From f87235f232c5aaf728c9bb7476c7b6fa450cdc62 Mon Sep 17 00:00:00 2001
From: Andrew Tan <andrewztan12@gmail.com>
Date: Thu, 2 May 2019 10:16:48 -0700
Subject: [PATCH] [tune] Example for Tune blog post (#4673)

---
 doc/source/tune-examples.rst                 |   2 +-
 python/ray/tune/examples/tune_mnist_keras.py | 200 ++++---------------
 python/ray/tune/examples/utils.py            |  61 ++++++
 3 files changed, 104 insertions(+), 159 deletions(-)
 create mode 100644 python/ray/tune/examples/utils.py

diff --git a/doc/source/tune-examples.rst b/doc/source/tune-examples.rst
index f11cd1b86..a15f5ec4e 100644
--- a/doc/source/tune-examples.rst
+++ b/doc/source/tune-examples.rst
@@ -30,7 +30,7 @@ Keras Examples
 --------------
 
 - `tune_mnist_keras <https://github.com/ray-project/ray/blob/master/python/ray/tune/examples/tune_mnist_keras.py>`__:
-   Converts the Keras MNIST example to use Tune with the function-based API and a Keras callback. Also shows how to easily convert something relying on argparse to use Tune.
+   Converts the Keras MNIST example to use Tune with the function-based API and a Keras callback.
 
 
 PyTorch Examples
diff --git a/python/ray/tune/examples/tune_mnist_keras.py b/python/ray/tune/examples/tune_mnist_keras.py
index 485dd818d..676f650cc 100644
--- a/python/ray/tune/examples/tune_mnist_keras.py
+++ b/python/ray/tune/examples/tune_mnist_keras.py
@@ -2,93 +2,47 @@ from __future__ import absolute_import
 from __future__ import division
 from __future__ import print_function
 
-import numpy as np
 import argparse
+import numpy as np
 import keras
 from keras.datasets import mnist
 from keras.models import Sequential
-from keras.layers import Dense, Dropout, Flatten
-from keras.layers import Conv2D, MaxPooling2D
-from keras import backend as K
+from keras.layers import (Dense, Dropout, Flatten, Conv2D, MaxPooling2D)
 
-import ray
-from ray import tune
-from ray.tune.schedulers import AsyncHyperBandScheduler
+from ray.tune.examples.utils import (TuneKerasCallback, get_mnist_data,
+                                     set_keras_threads)
+
+parser = argparse.ArgumentParser()
+parser.add_argument(
+    "--smoke-test", action="store_true", help="Finish quickly for testing")

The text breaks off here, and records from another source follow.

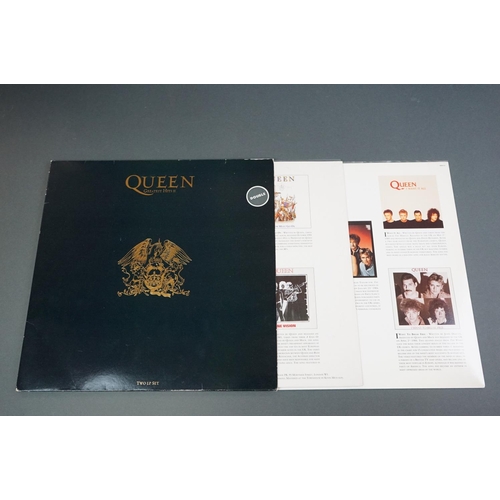 1270 - Vinyl - Seven Queen LPs to include News of the World, Sheer Heart Attack x 2, Queen 2, The Works, Gr... 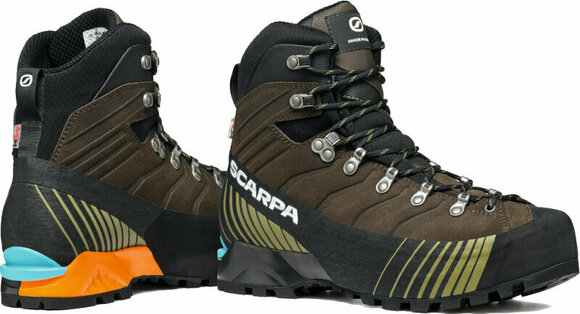 Mens Outdoor Shoes Scarpa Ribelle HD Cocoa/Moss 41 Mens Outdoor Shoes - 6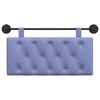 vidaXL Držeće uzglavlje Zidne Traper plava 90 x 55 x 7 cm tkanina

+args, _ = parser.parse_known_args()
 
 
-class TuneCallback(keras.callbacks.Callback):
-    def __init__(self, reporter, logs={}):
-        self.reporter = reporter
-        self.iteration = 0
-
-    def on_train_end(self, epoch, logs={}):
-        self.reporter(
-            timesteps_total=self.iteration, done=1, mean_accuracy=logs["acc"])
-
-    def on_batch_end(self, batch, logs={}):
-        self.iteration += 1
-        self.reporter(
-            timesteps_total=self.iteration, mean_accuracy=logs["acc"])
-
-
-def train_mnist(args, cfg, reporter):
-    # We set threads here to avoid contention, as Keras
-    # is heavily parallelized across multiple cores.
-    K.set_session(
-        K.tf.Session(
-            config=K.tf.ConfigProto(
-                intra_op_parallelism_threads=args.threads,
-                inter_op_parallelism_threads=args.threads)))
-    vars(args).update(cfg)
+def train_mnist(config, reporter):
+    set_keras_threads(config["threads"])
     batch_size = 128
     num_classes = 10
     epochs = 12
 
-    # input image dimensions
-    img_rows, img_cols = 28, 28
-
-    # the data, split between train and test sets
-    (x_train, y_train), (x_test, y_test) = mnist.load_data()
-
-    if K.image_data_format() == "channels_first":
-        x_train = x_train.reshape(x_train.shape[0], 1, img_rows, img_cols)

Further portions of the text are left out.